Dataset content Start Marker

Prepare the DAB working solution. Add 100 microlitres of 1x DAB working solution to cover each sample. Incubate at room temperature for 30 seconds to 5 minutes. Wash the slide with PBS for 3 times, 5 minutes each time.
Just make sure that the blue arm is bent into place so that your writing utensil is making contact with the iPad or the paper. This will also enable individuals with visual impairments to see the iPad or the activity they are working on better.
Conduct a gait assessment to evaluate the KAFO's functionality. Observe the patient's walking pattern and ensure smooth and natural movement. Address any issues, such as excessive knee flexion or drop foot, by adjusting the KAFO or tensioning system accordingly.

Dataset content End Marker
Dataset content Start Marker

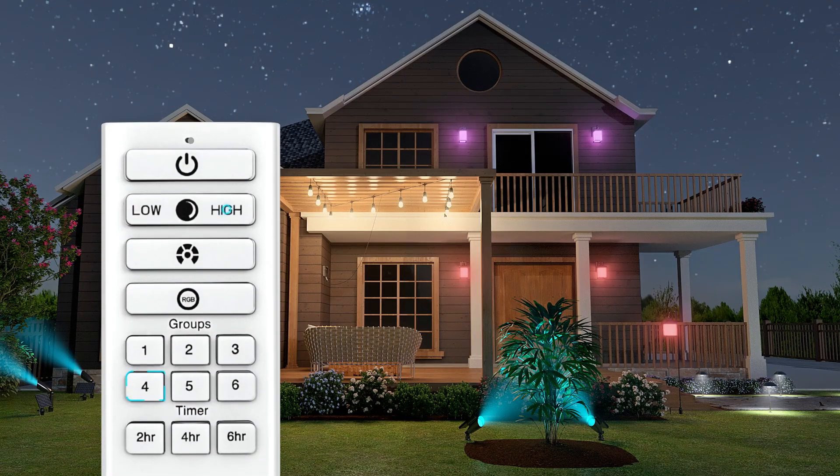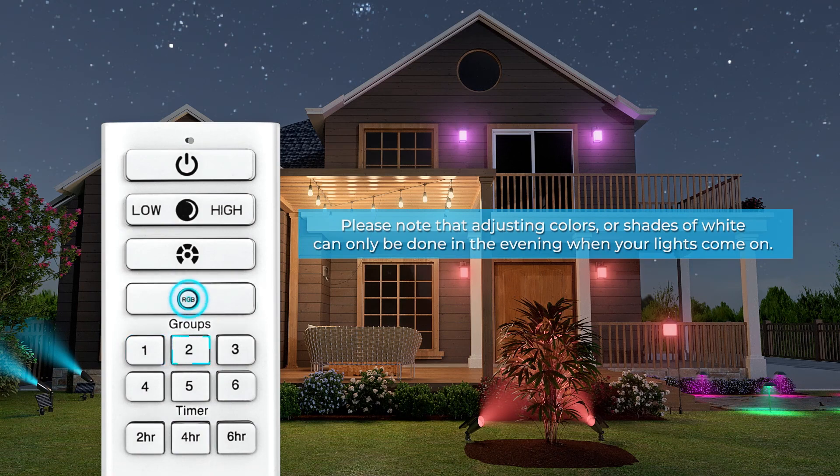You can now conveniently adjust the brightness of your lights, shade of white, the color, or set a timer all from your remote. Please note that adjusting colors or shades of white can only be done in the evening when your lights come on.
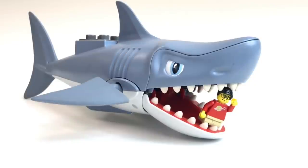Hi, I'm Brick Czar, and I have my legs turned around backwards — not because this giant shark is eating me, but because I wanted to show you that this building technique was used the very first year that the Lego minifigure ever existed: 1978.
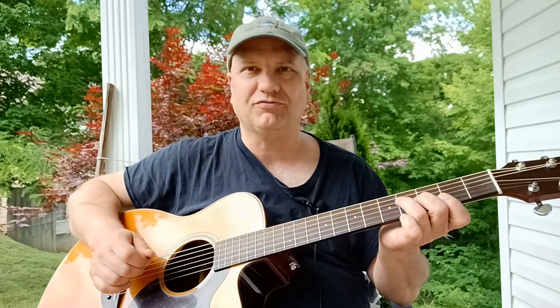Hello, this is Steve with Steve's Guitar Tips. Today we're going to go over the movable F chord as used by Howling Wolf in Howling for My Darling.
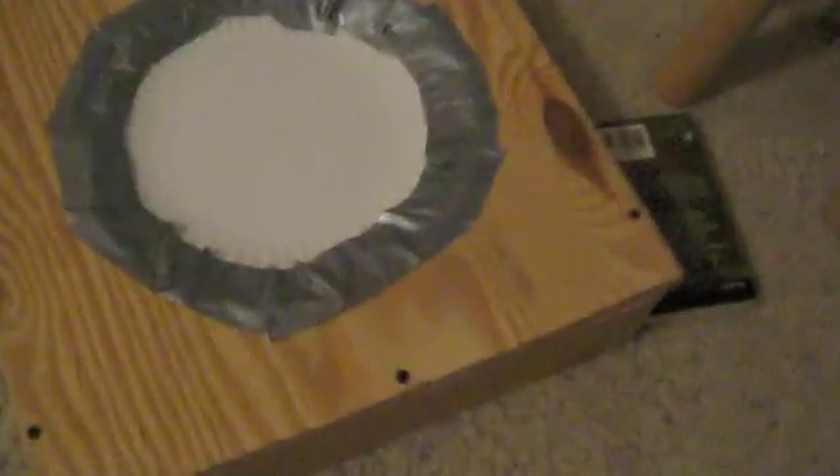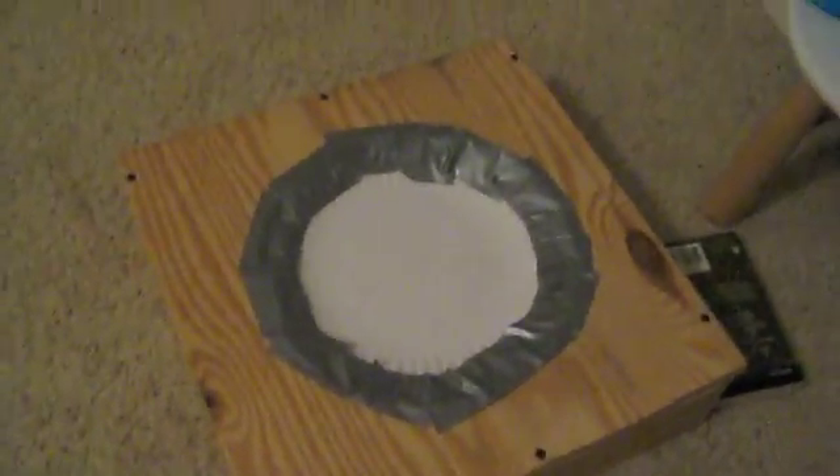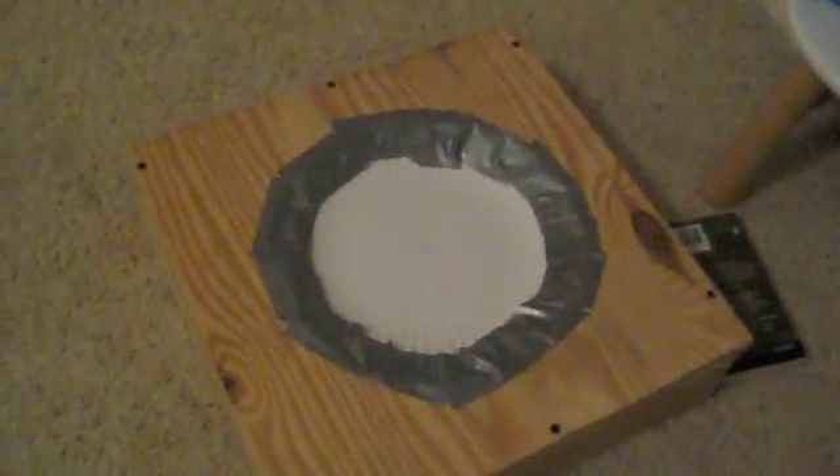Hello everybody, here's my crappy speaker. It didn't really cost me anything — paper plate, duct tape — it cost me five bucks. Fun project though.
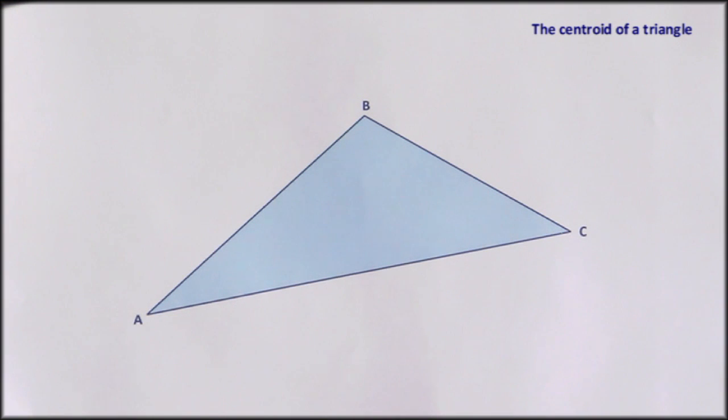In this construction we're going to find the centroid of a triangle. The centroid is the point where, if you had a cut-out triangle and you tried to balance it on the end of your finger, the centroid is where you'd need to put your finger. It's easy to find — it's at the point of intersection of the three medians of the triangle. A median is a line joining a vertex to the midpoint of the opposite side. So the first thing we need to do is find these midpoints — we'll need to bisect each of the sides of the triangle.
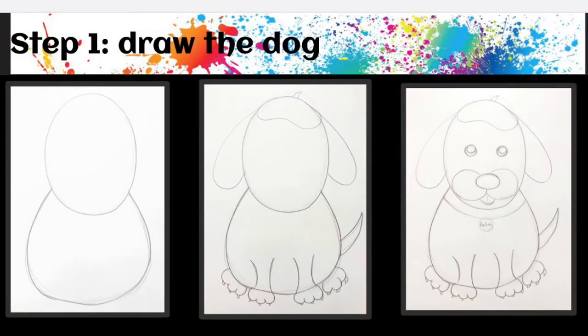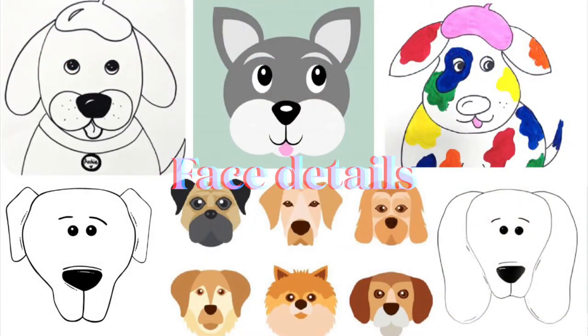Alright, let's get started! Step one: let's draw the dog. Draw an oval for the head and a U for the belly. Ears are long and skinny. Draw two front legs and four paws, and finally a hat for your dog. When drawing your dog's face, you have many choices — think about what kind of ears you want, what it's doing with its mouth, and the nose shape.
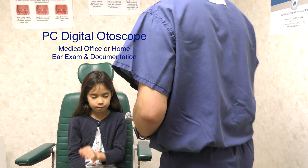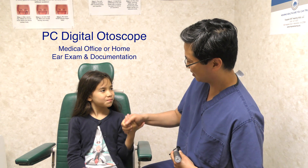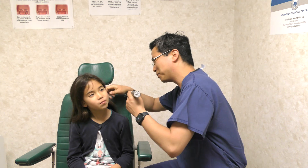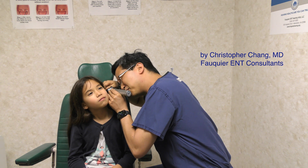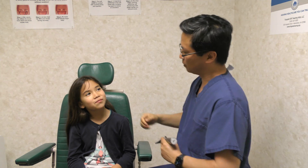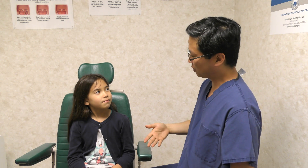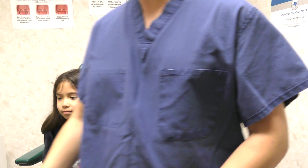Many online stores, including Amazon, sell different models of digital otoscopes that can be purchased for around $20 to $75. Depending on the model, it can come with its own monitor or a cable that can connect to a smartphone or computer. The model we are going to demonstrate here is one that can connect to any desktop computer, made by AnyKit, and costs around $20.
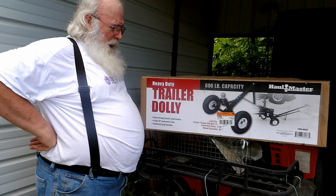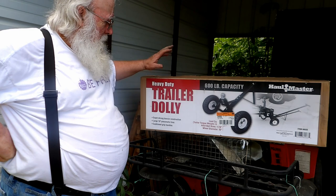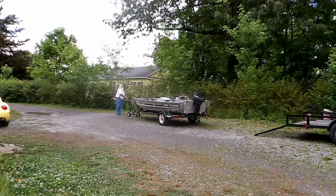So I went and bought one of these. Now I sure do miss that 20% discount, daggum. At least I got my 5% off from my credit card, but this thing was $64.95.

Dataset content End Marker
Dataset content Start Marker

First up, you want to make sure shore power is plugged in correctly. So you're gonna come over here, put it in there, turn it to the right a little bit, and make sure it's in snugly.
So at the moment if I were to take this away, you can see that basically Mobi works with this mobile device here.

Dataset content End Marker

* **To do**
Look above for the line with "Many online stores, including", then print it and each line after it down to and including the line with "So I went and". Leave out the pictures and keep the wording exact.

* **Written answer**
Many online stores, including Amazon, sell different models of digital otoscopes that can be purchased for around $20 to $75. Depending on the model, it can come with its own monitor or a cable that can connect to a smartphone or computer. The model we are going to demonstrate here is one that can connect to any desktop computer, made by AnyKit, and costs around $20.
So I went and bought one of these. Now I sure do miss that 20% discount, daggum. At least I got my 5% off from my credit card, but this thing was $64.95.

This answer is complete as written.